Exercise prompt
A word-for-word copy of the records is needed, with every picture left out.

Listed records
###

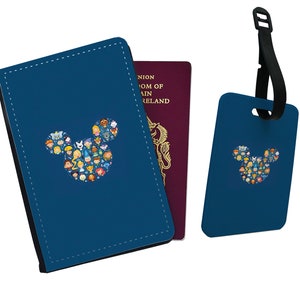 Portapassaporto e porta-bagaglio personalizzati in similpelle, set di accessori da viaggio, Disneyland Family e Topolino
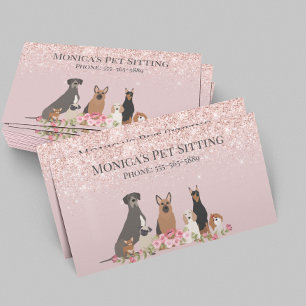Carte De Visite Toilettage Garderie Chien Rose Jolie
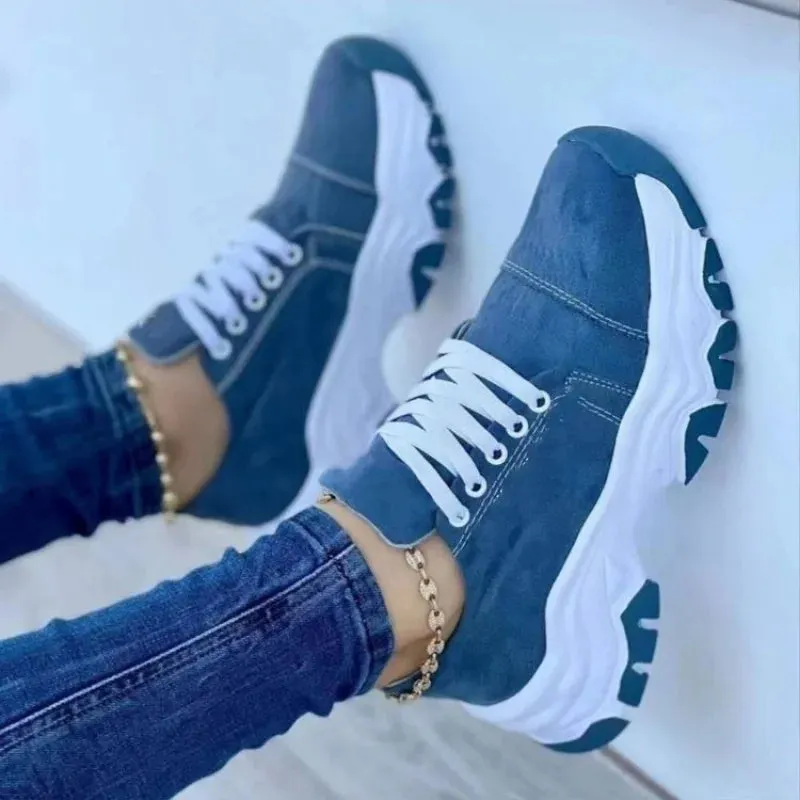 Women Pattern Casual Flat Lace-Up Sneakers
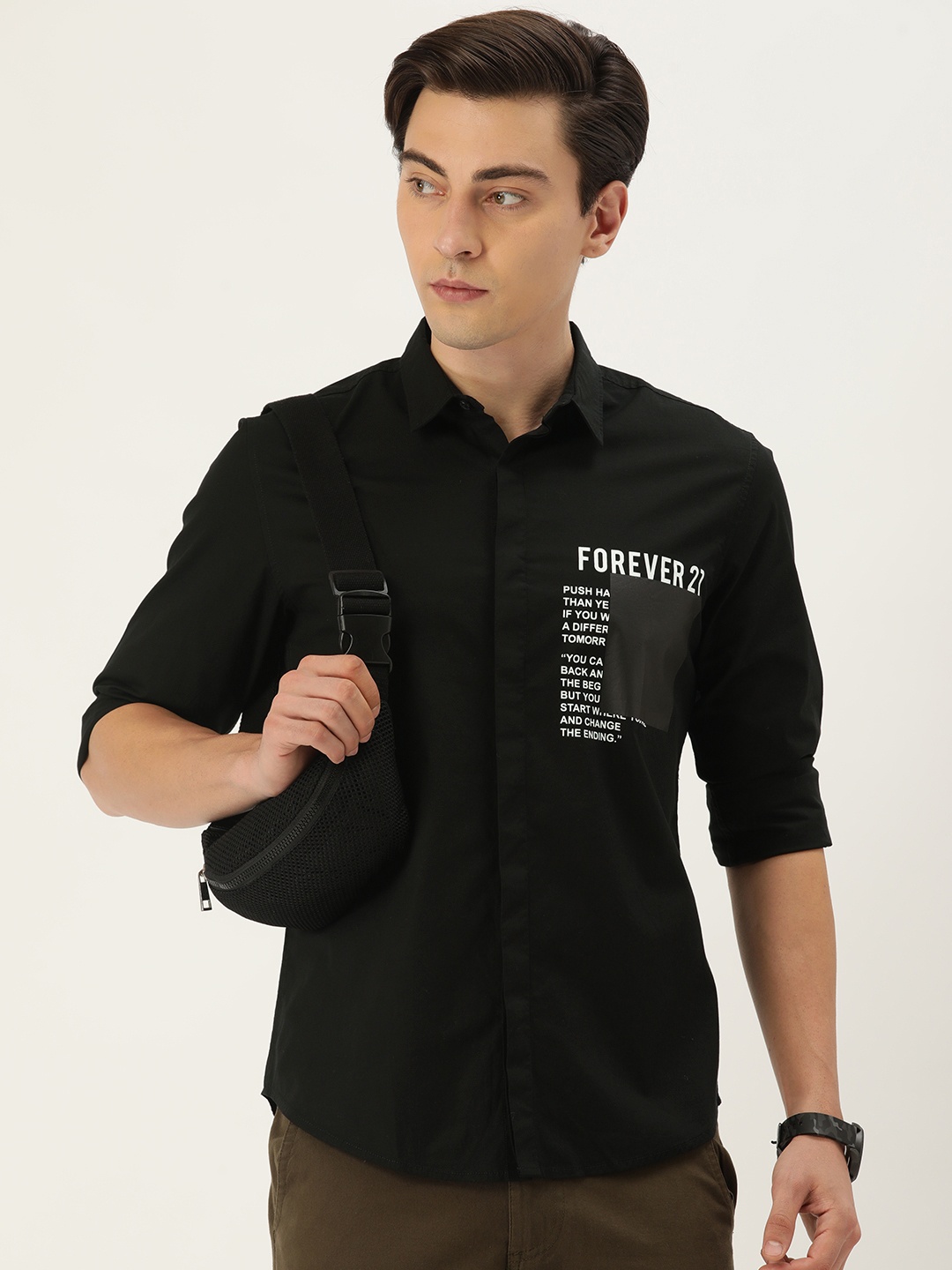 

FOREVER 21 Men Black Typography Printed Casual Shirt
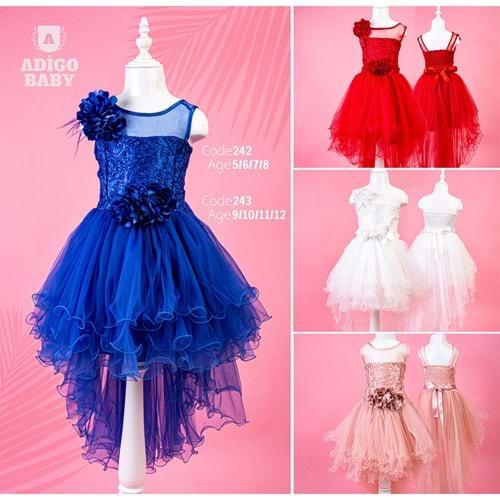 Mertoğlu 242 Kız Çocuk Dantelli Kuyruklu Abiye 5-8 Yaş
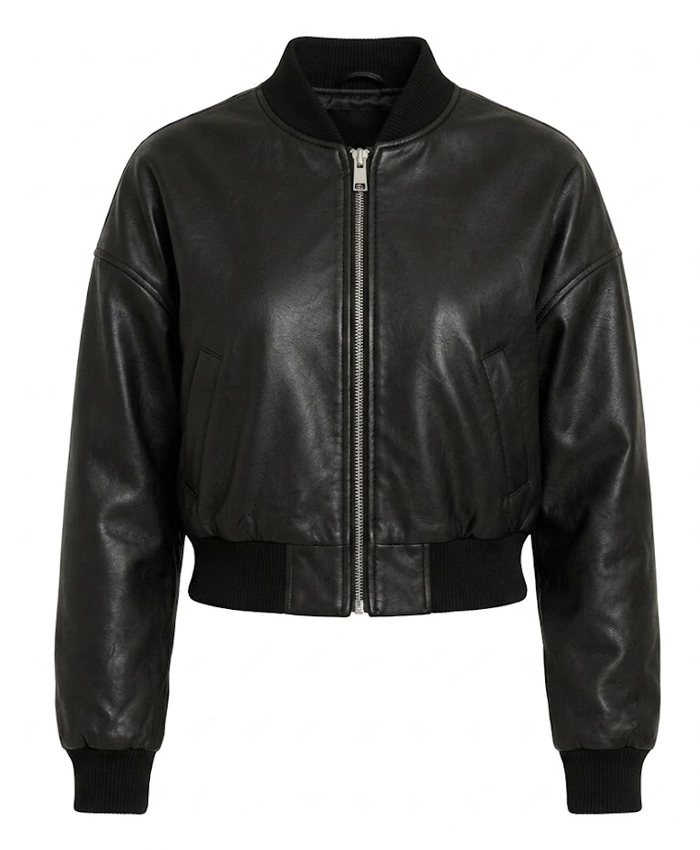 Womens Black Drop Shoulder Cropped leather Bomber Jacket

###

Result
 Portapassaporto e porta-bagaglio personalizzati in similpelle, set di accessori da viaggio, Disneyland Family e Topolino
Carte De Visite Toilettage Garderie Chien Rose Jolie
 Women Pattern Casual Flat Lace-Up Sneakers

FOREVER 21 Men Black Typography Printed Casual Shirt
 Mertoğlu 242 Kız Çocuk Dantelli Kuyruklu Abiye 5-8 Yaş
 Womens Black Drop Shoulder Cropped leather Bomber Jacket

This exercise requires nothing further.